Maryam Akbari Monfared a été condamnée par la 15e chambre du tribunal révolutionnaire de Téhéran en mai 2010, à l’issue d’un procès des plus iniques qui, selon une source bien informée, a duré moins de 15 minutes. Elle a été détenue à l’isolement pendant 43 jours après son arrestation arbitraire le 19 décembre 2009, puis soumise à une disparition forcée pendant cinq mois. Elle n’a pas pu consulter d’avocat pendant la phase d’investigation et a rencontré pour la première fois l’avocat commis d’office pour la défendre le jour de son procès. D’après son mari, durant l’audience, le juge a dit à Maryam Akbari Monfared qu’elle « payait » pour les activités de ses proches au sein de l’OMPI. Sa condamnation a été confirmée en août 2010 par la 33e chambre de la Cour suprême. Les demandes de nouveau procès qu’elle a déposées par la suite ont été rejetées.
Maryam Akbari Monfared a déposé plainte auprès du bureau du procureur de Téhéran depuis l’intérieur de la prison le 14 octobre 2016. La plainte concerne l’exécution extrajudiciaire et la disparition forcée en 1988 de sa sœur Roghayeh Akbari Monfared et de son frère Abdolreza Akbari Monfared, qui avait 17 ans au moment de son arrestation en 1980. Dans sa plainte, elle réclamait « une enquête officielle sur l’exécution extrajudiciaire de ses frères et sœurs » et demandait « des informations précises sur les exécutions, notamment le lieu des fosses communes et l’identité des responsables ». À ce jour, les autorités n’ont pas donné suite à sa plainte. En revanche, elles lui ont infligé des représailles.

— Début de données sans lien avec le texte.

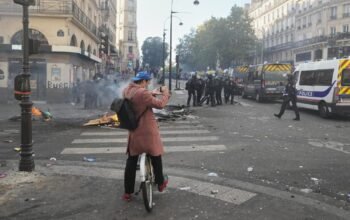Εμπόλεμη ζώνη η Γαλλία: Πρωτοφανής βία, συγκρούσεις και λεηλασίες – Διάγγελμα Μακρόν (βίντεο)
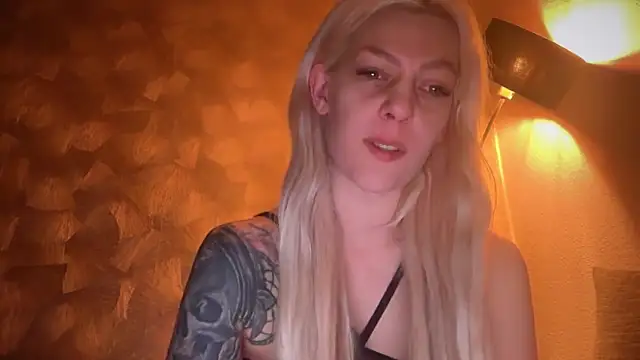 Melina_Diamond 即時 XXX 聊天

Dans un rapport de 2018, intitulé Blood-soaked secrets : Why Iran’s 1988 prison massacres are ongoing crimes against humanity, Amnesty International a conclu que non seulement les autorités iraniennes avaient commis en 1988 le crime contre l’humanité de meurtre en soumettant des milliers de dissidents et dissidentes politiques à des exécutions extrajudiciaires en secret, mais aussi qu’elles commettaient les crimes continus contre l’humanité de disparition forcée, de persécution, de torture et d’autres actes inhumains, notamment en dissimulant systématiquement le sort réservé aux victimes et le lieu où se trouvent leurs dépouilles.
Un groupe d’experts de l’ONU a indiqué dans une communication en septembre 2020 que les violations passées et présentes en lien avec le massacre des prisons de 1988 « peuvent constituer des crimes contre l’humanité » et a déclaré que « si le gouvernement iranien continuait à refuser d’honorer ses obligations au regard du droit international, ils appelleraient la communauté internationale à prendre des mesures pour diligenter une enquête internationale ».
L’arrivée à la présidence d’Ebrahim Raisi, qui doit faire l’objet d’une enquête pour des crimes contre l’humanité passés et présents en lien avec les disparitions forcées et exécutions extrajudiciaires de masse en 1988, est une sombre illustration de l’impunité systémique qui prévaut dans le pays.
Amnesty International demande au Conseil des droits de l’homme de l’ONU de prendre des mesures concrètes pour faire face à la crise de l’impunité en Iran, notamment en établissant un mécanisme impartial et indépendant, en complément du travail du rapporteur spécial sur la situation des droits de l’homme en Iran, avec pour mission de collecter, de regrouper, de protéger et d’analyser les éléments de preuve relatifs aux crimes les plus graves au regard du droit international commis en Iran, qui répondent aux critères généraux de recevabilité dans le cadre des procédures pénales afin de faciliter des procédures pénales équitables et indépendantes à l’avenir.